Friday, December 24th 2010
This is it, folks. The last of my Top 10 movie lists for 2010. Unless I get really drunk at the Christmas Eve party tonight (note: there is not Christmas Eve party tonight) and decide to post my Top 10 Top 10 Lists of 2010. Don’t think I wouldn’t. But anyway, on with the final act of my judgmental trilogy.
THE BEST MOVIES OF 2010 THAT NOBODY SAW
To close things out, I give you my list of the best movies that didn’t get the attention they deserved this year. And the winners are:
1. Never Let Me Go
An acclaimed but depressing book turned into a beautiful if bleak film that’s out of theaters before most people knew it existed? It’s like last year’s “the Road” all over again. And just as tragic.
2. the Ghost Writer
Maybe the Polanski drama kept people away, or maybe it they kept confusing it with a kids’ series or a Nicolas Cage comic book flick. Whatever the reason, audiences missed out on one of the best movies for grown-ups all year.

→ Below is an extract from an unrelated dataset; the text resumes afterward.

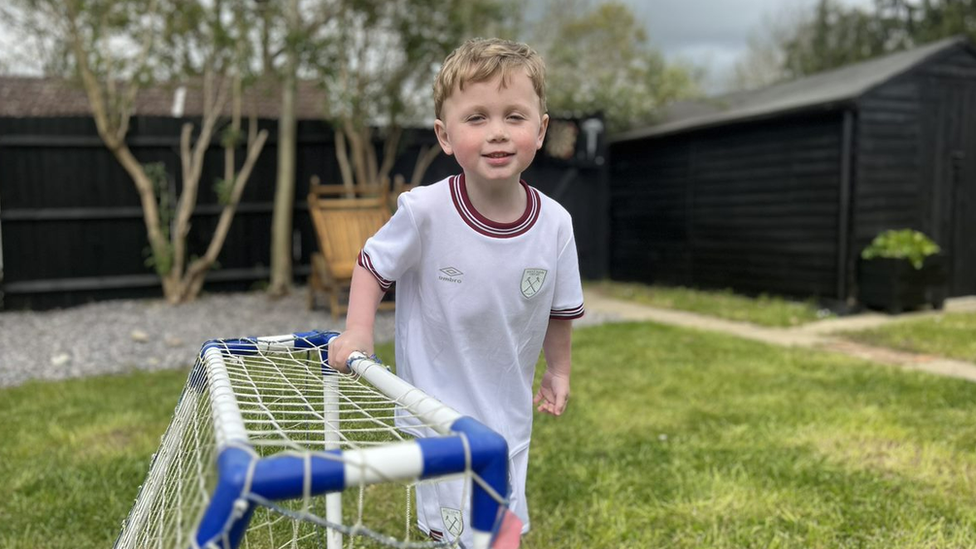 Jesse standing in his garden holding the crossbar of a small football goal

3. Scott Pilgrim vs. the World
Perhaps the reason it tanked in theaters is because the studio flooded its target audience with free screenings for five months before its release. By then, most of the people who’d want to see it already had.
4. the Illusionist
All right, this is a bit of a cheat, since Sylvain Chomet’s new masterpiece didn’t come out many places other than France until December, but if past audience behavior is any indication, most people will ignore it.
5. Mother and Child
While Annette Bening gets all the awards attention for her fine work in “the Kids are All Right,” her real Oscar-worthy turn as in Rodrigo Garcia’s haunting, bittersweet look at adoption from all sides, co-starring Naomi Watts and Kerry Washington.
6. Sex & Drugs & Rock & Roll
You likely didn’t hear about this biopic about polio-stricken punk rocker Ian Dury, but it proved that “Lord of the Rings” star Andy Serkis is even better without all the computer wizardry. I think it was out in the U.S. for a day or two.
7. Animal Kingdom
After wowing audiences at Sundance, this Australian import about a family of criminals failed to get much attention overseas, which is a shame since that means fewer people got to see Jackie Weaver’s incredible performance as the clan’s matriarch.
8. Please Give
Much like Lisa Cholodenko’s look at West Coast yuppie-dom in “the Kids Are All Right,” Nicole Holofcener takes a few loving swings at New Yorkers and the rationalizations that help them sleep at night.
9. Fair Game
Naomi Watts’ second entry on the list should have inspired a new swell of outrage over the Valerie Plame scandal. Instead, it just attracted dismissive comments about co-star Sean Penn’s political leanings.
10. the Switch
Maybe people stayed away because, you know, Jennifer Aniston. But this was secretly a Jason Bateman dark comedy — with plenty of scene-stealing by Jeff Goldblum.